The last couple of years, with the violent ups and downs as they’ve been, haven’t been the easiest. Long term unemployment, financial issues, near total lack of art sales (and no originals sold at all, let’s not forget that). When a creator goes through times like these, contemplation on the future is sure to happen.
Do I continue trying to get graphic design jobs, when a hundred resumes garnered no interest? Do I keep trying to create and sell original art, when no one even slightly considers buying one? Do I keep trying to get my art published, when I can’t get the time of day from publishers (save for those important, valued few)?
|Originally published by Apex Book Company, September 2012|
While confidence is always a question, especially after such a long drought, there’s a bigger question that needs asked first. That is, what do I really want from life? Or from the things I create?
It’s a question that all creators come around to eventually. The answers vary, of course, and many times it doesn’t come easy. Sometimes you can’t even truthfully answer the question, because not all of the cards have been dealt just yet.
Creators do their thing for various reasons, most of them unique to themselves. All of them need to ask themselves “why?” at some point. Before you can figure out if you want to go on, you have to figure out what you want from it.

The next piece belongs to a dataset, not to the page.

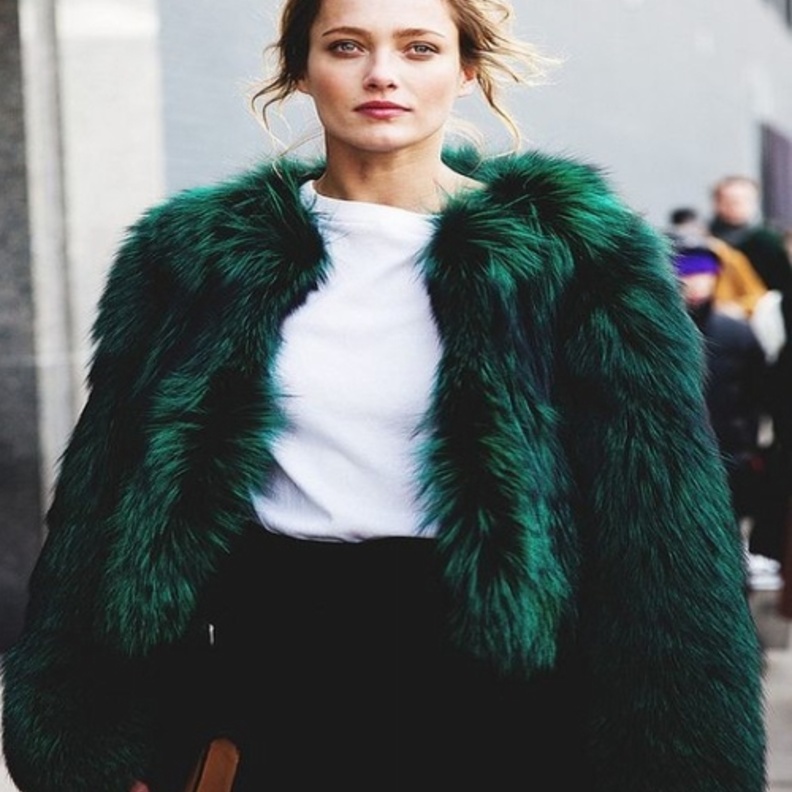 ستايل بسيط وأنيق يمعطف فرو رائع باللون الزيتي مع تيشرت أبيض سادة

Art can be a catharsis, or even an escape from the boundaries of the real world. Many creators start and end with that very idea, that their creations are for only themselves. They create because they need to pour their hearts and souls into the things they create, to let those bottled up dreams escape into something else. Even if no one else ever sees their work, those creators feel better off for letting it all out.
There are those creators that need almost a vindication from others, and want to show everything they do. They show the world their creations, and they need to hear that praise to make their souls complete. Many even like to hear, albeit subconsciously, the bad things that people say about their works. In the end, it’s still attention and recognition that they are getting, and it fills their soul with what they need.
Certainly, there are also those who need the creative arts to only be a source of money. It’s a job to them, and nothing more, and the constant projects they do merely support their families. It’s not that they don’t enjoy what they do, but they are less concerned with making an impact or getting it out of their system. It’s a job, it’s what they do, and it’s how they live their lives.
Many creators are looking for immortality as well. Immortality can fall under vindication, of course. But it’s more than that. The creators want to look back on their life and believe that they did something great. It could be a beloved art piece, it could even be just a bunch of sketches they are proud of, that no one ever saw. The point is, they view their creations as an accomplishment, something they can be proud of.
I’ll bet that most creators are like myself, in that I have a little bit of all of these things driving me. Some days, it can be one idea over the others. But, over time, all of these things impact who I am as an artist, and who I want to be as a person.
Confidence in what you are doing follows when all of these things are true. If you are happy with your works, people love them, and you are selling your wares well (if that’s your thing), then confidence can be very high. With high confidence comes more production, and more love with what you are doing. It becomes a circle, feeding good ideas and good thoughts all through your life.
The same, naturally, is also true of not getting these things. Confidence can be destroyed because you aren’t getting what you want out of your creations, and thus, out of life. While it can sometimes be hard to always keep confidence high, usually it still wins out. But on a bad streak, confidence can be crushed quite violently, and it can be very difficult to recover from it.
As I slowly return to the world of art, after a couple of very crushing years, I have to ask myself all of these questions and more. But above all, I have to decide what I want from it, and what I’m willing to endure to get it. Or if I’m willing to endure anything at all any longer.
As a creator, ask yourself: what do you want from your creations and your life?
Only you can know the answer. Only you can say what it’s worth and what it isn’t, if you win the day or if you fall. It’s a choice that’s yours and yours alone, make sure whatever call you make that it’s the best one for you.
There’s no shame in stepping aside, and letting go of your dreams. Especially if you tried hard, perhaps it’s time to set things aside and move on. It’s something I consider each and every day. These days, a lot more than I ever have before.
But if you decide that you really want it, that you’re willing to fight for it, do it. I leave you with a quote from one of my favorite films, and it really does put it perfectly.
“Get busy living…or get busy dying. That’s goddamn right.”